My dreams can be closely linked to how I feeling that moment and what I am thinking, so they were usually bizarre and weird. Sometimes it feels real and like something that will happened in my life.
As the day is closely nearing me, I keep having weird dreams. But none affected me except for one particular dream I saw sometime in last week.
It was about the choice I had made. About me, someone dear to me. Lets call him B
I dreamed of B suddenly come to me and asking why I didnt wait for him but instead choose someone else. B, in my dream were quite different from whom I knew all of these years but his playful attitude didnt change. I kinda startled with the Q and I dont know how to answer him. He then kept appearing here and there, amused me with every trivia facts that he knows about me, trying to charm me back. Seriously I were dumbstruck, not knowing what to do or what to say. And I, in my dream started to doubt my choice; why did I choose someone I merely know instead of someone who knows almost everything about me, why didnt I waited for him, why and why and why.
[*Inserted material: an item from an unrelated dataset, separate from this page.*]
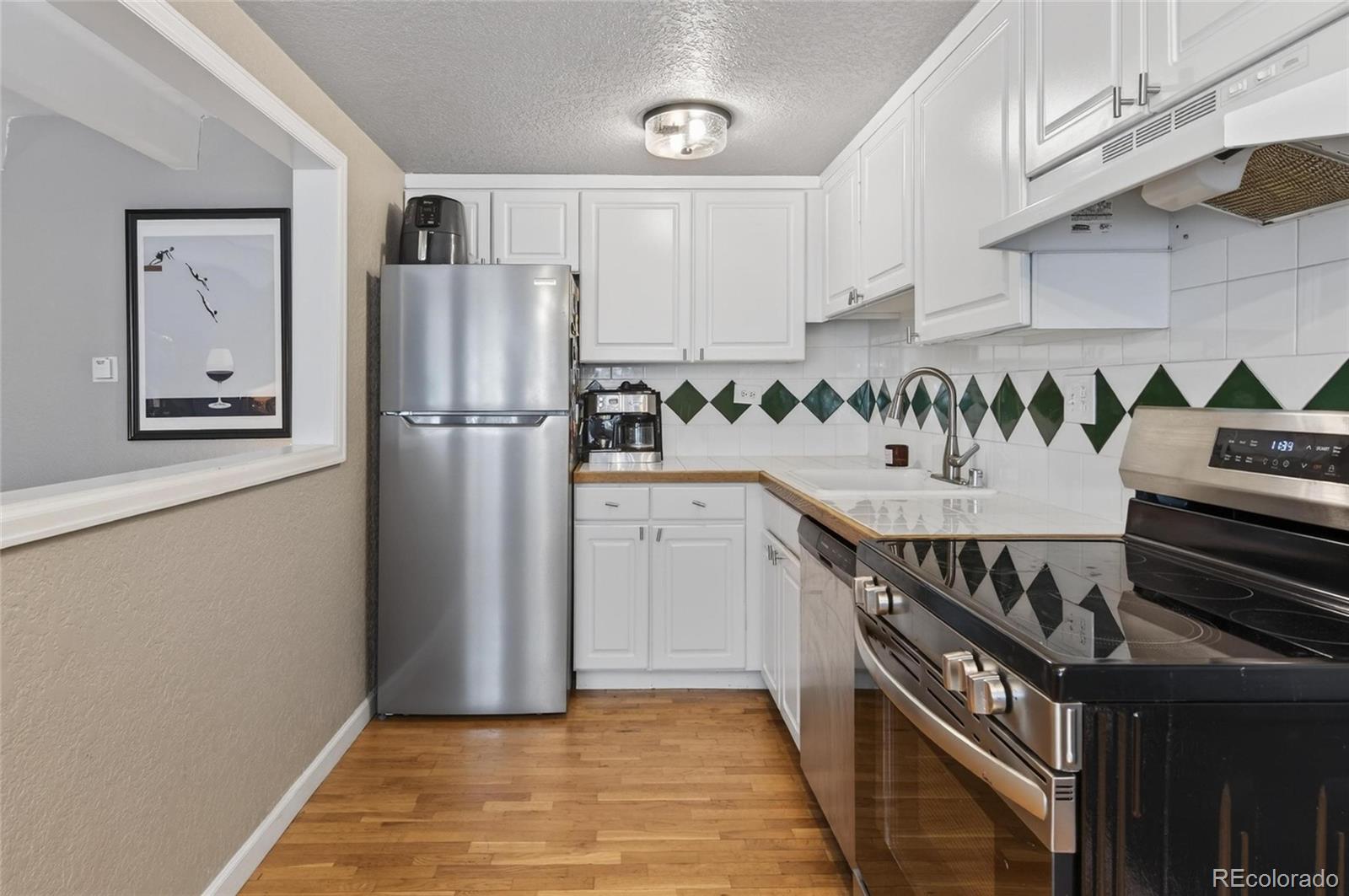 Real Estate Photo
I was woken up feeling very confused and all I wanted was to curl down and to cry. But obviously, I cant. I had loads of stuff to be done that day so I carried my day away, feeling confused and I kept thinking why did I made the choice until at noon, after I ran my errands and was on my way back to home, something struck my mind;
I didnt choose someone who is perfect and knows everything about me. I dont need someone who is now working my dream job and making fortunes. Nope, I dont need them all. I just need someone, whom I know is not perfect at all but he is and he will try to be the best for me. He who is willing to learn everything about me and wants to share every single thing, from a small piece of his fave cookies to his biggest secret just with me. He who loves me and wants to love me more everyday. He whom I love now.
When I realized the facts, all the confusion went away. Just like that. In a breeze.
Guy, lets make our own way together, and lets build our life together. ne? Love you!